NHKで、被害の大きかった地域に住む約2000人に被災者を対象にアンケートを行い、阪神・淡路大震災の起こったあの日から、何が変わり、何が課題として残されているのか、記憶や教訓はつながれているのか…ということを考える番組をやっていました。
このアンケートでは、「亡くなった家族や親しい人を思う時間に変化はあるか。」、「震災を体験した悲しみが今も続いているか。」などの質問があり、まだまだ多くの方々の心に、この震災が決して拭えない大きな傷や悲しさとして残っていることを知りました。

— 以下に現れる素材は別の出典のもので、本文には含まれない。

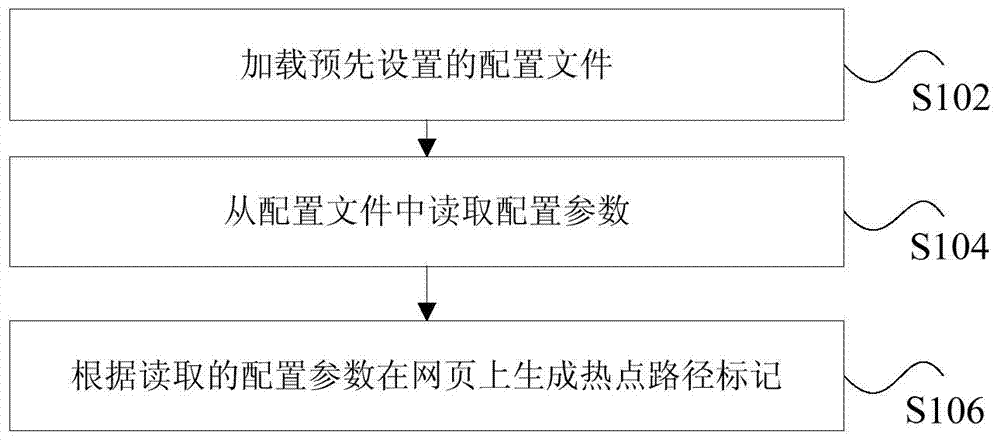 Hot spot path mark generating method and device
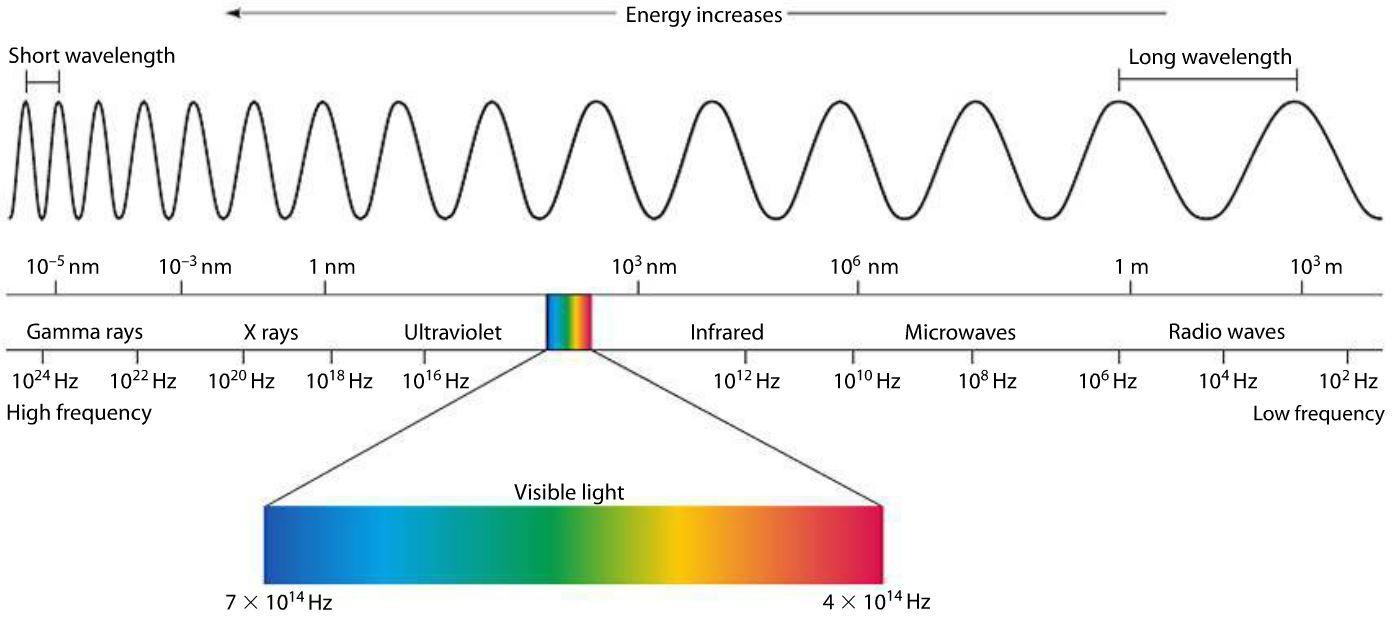 What Do All Electromagnetic Waves Have In Common Brainly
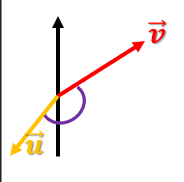 Fórmula matemática del producto escalar 9 Fórmula matemática del producto escalar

アンケートの中で、私(校長)が、「えっ?そうなんだ…。」と考えさせられたのは、「震災の体験を伝えることが難しくなった。」と半数の方々が思っておられること、そして「震災の記憶や教訓が風化している。」と感じておられる方が65%もいらっしゃることでした。
「記憶や教訓は、つながり続けないと徐々に風化し、やがて忘れさられ、そしてまた同じ過ちに陥る。」…そういうことなんだなと改めて強く思い直しました。「震災の記憶の継承に有効だと思うものは何ですか?」の質問の答えで最も多かったのが次の二つです。一つは「テレビや新聞などマスコミの震災報道…27.2%」、そしてもう一つは「学校の防災教育…25.0%」。やはり「学校の果たすべき役割と責任は大きいな。」と身が引き締まる思いがしました。来週の水曜日(22日)に避難訓練があります。しっかりと「記憶と教訓の継承」の一助となる避難訓練にします。
ところで、「記憶と教訓の継承」は災害に限ったことではありません。それは自然ではなく我々人間が起こす「戦争」というものにも、必要不可欠です。誰もが「なぜ戦争なんて馬鹿げたことをするんだろう?」と戦争を憎み、平和を望んでいますが、現実には世界中で「戦争」は今も続いています。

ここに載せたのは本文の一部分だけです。